遺贈とは、被相続人が遺言によって他人に自己の財産を与えることをいいます(民法第964条)。遺贈の相手方は、相続人であることもあれば、第三者であることもあります。遺贈により相続財産を与えられた者のことを受遺者といいます。

なお、実務上よく用いられる「○○の土地をAに相続させる」旨の遺言や、「すべての遺産をAに相続させる」旨の遺言は、原則として遺贈ではなく遺産分割方法の指定として扱われます(特定財産承継遺言)。

2.特定遺贈と包括遺贈

遺贈には、大きく分けて特定遺贈と包括遺贈があります。

特定遺贈とは、「○○の土地をAに遺贈する」というように、与えるものが特定された遺贈です。
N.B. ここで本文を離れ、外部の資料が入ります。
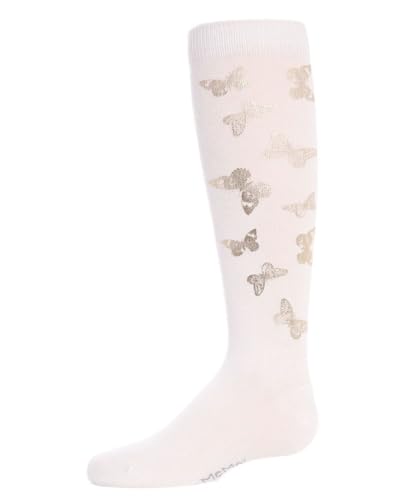 MeMoi Gold and Gilded Butterfly Knee High Cotton Blend Girls Socks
特定遺贈では、受遺者に与えられる財産が特定されている上、権利のみが受遺者に与えられます。

包括遺贈とは、「財産の全部をBに包括して遺贈する」、「財産の全部を、C、Dの2名に対し、2分の1ずつの割合で包括して遺贈する」というように、遺産の全部又は一定割合で示された部分の遺産を与える遺贈です。包括遺贈では、被相続人が有していた権利のみならず、義務も含めて受遺者に承継されます。

3.遺贈の放棄

特定遺贈の場合、受遺者はいつでも遺贈を放棄することができます(民法第986条1項)。特定遺贈の放棄は、相続人や遺言執行者に対して意思表示をすることによって行うことができます。

他方、包括遺贈の場合、遺贈を放棄するためには、相続の開始があったことを知った時から3か月以内に、家庭裁判所に対して申述しなければなりません(民法第990条、第938条、第915条)。

 

第2 死因贈与

死因贈与とは、贈与者の死亡によって効力を生ずる贈与のことをいいます(民法第554条)。

死因贈与については、特段の事情がない限り、遺贈に関する規定が適用されるので(同条)、遺言と同様、特定の相続人に対し承継させたい相続財産を承継させることが可能となります。

遺言と異なり、厳格な形式が要求されていないため、形式不備により無効となるリスクは低いといえます。他方、遺言と異なり、あくまで贈与であるため、受贈者との間の合意が必要となります。